Making Noise to Heat Up Materials Science

September 20, 2019 | By Cynthia Dillon

Simulation showing that how the active intruders move impacts how annealing occurs.Simulation showing that how the active intruders move impacts how annealing occurs. Graphics courtesy of Jérémie Palacci

Clashing swords make for a lot of small- and big-screen drama—both in sound and structure of the weapons. The pliable strength of these tools comes from the way they are made—heating up metal until it’s red hot, then cooling it off in a controlled way to obtain the desired sword-like properties. Technically, this process is called annealing, and it is at the heart of the latest work by Jérémie Palacci, soft matter physicist at UC San Diego.

The research by Palacci and his colleagues, as outlined recently in Nature Communications, involves active microparticles in a passive monolayer of micrometric beads. Essentially by adding particles the researchers turn up the volume on internal activity.
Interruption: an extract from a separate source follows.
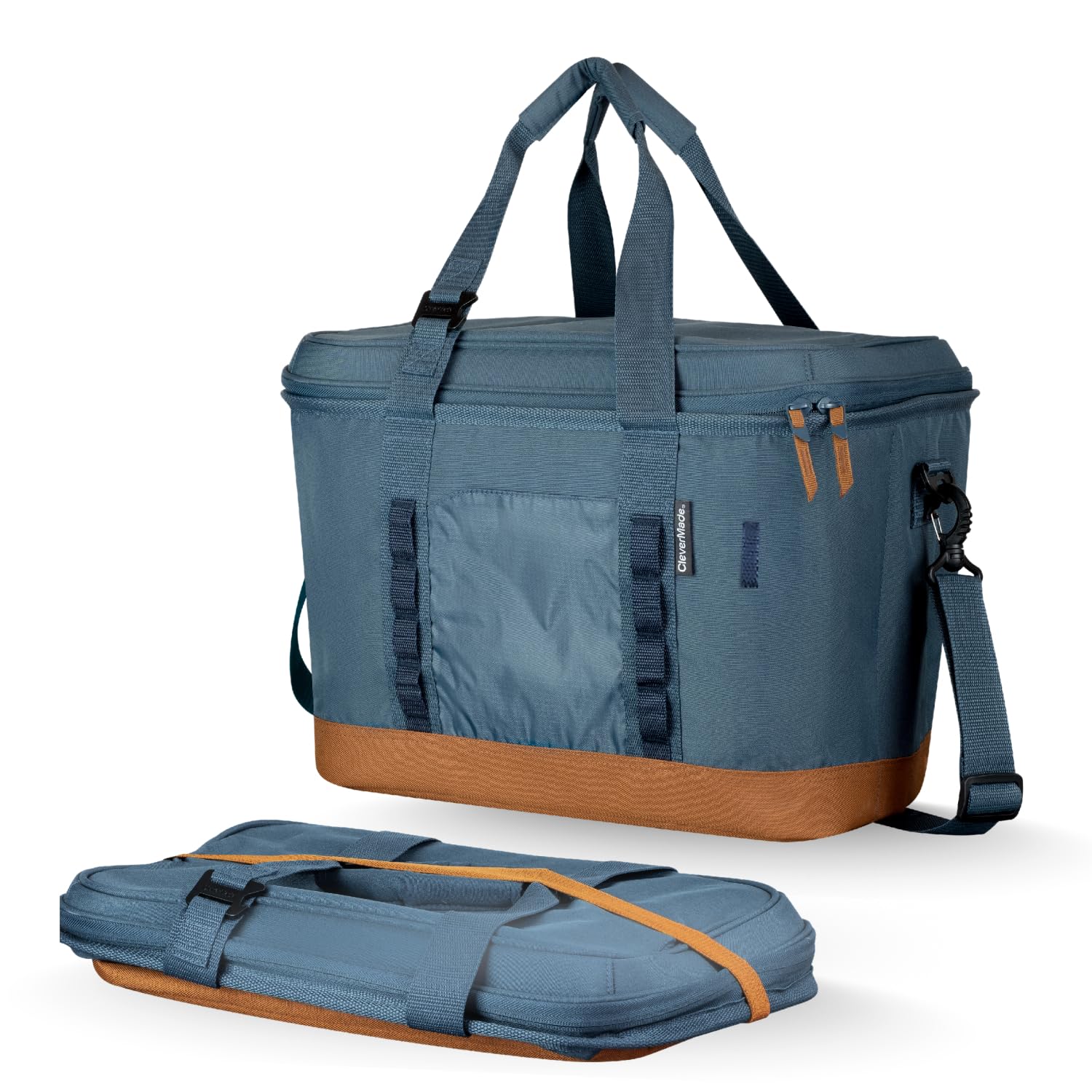 CleverMade Collapsible Insulated Cooler Bag – Leakproof Soft Folding Cooler for Beach, Travel, Car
This “heating” from inside can control materials and lay the groundwork for further development of materials science beyond equilibrium—the static or passive state.

Instead of actually cranking up the temperature to remove the defects in the crystalline structure, Palacci and his former lab members, Sophie Ramananarivo and Etienne Ducrot, embedded a small fraction of active agents—“doped” particles or “active intruders”—inside the crystalline structures.

“The passive particles are lazy, they barely move, and the crystalline structure is stuck with defects,” explained Palacci. “The active particles, on the other hand, are very mobile and energized—they run around, bumping into everything—so that only a small number of them generates enough mess to agitate the structure and anneal the whole crystal.”

According to the researchers, since the activity of the active particles can be controlled with light, the team was able to control the annealing at the microscale, offering the first experimental demonstration of a man-made material internally controlled by active noise.

“We just added one percent more particles—without actually changing the temperature. The added particles make a mess that infuses enough energy to fix all the defects,” said Palacci.

The UC San Diego assistant professor of physics noted that the team even realized that how the active intruders run around matters. According to Palacci, it made the effect a lot more subtle and interesting than just cranking up the heat “like they did in olden times.”

 “The control of internal fluctuations paves the way to the tuning of material properties, as well as the engineering of bio-inspired sensors, harnessing active noise for enhanced accuracy,” said Ramananarivo.

This research was supported by the National Science Foundation (grant nos. DMR-1554724 and DMR-1610788), the Sloan Foundation (grant no. FG-2017-9392) and the NYU IT High Performance Computing resources, services and staff.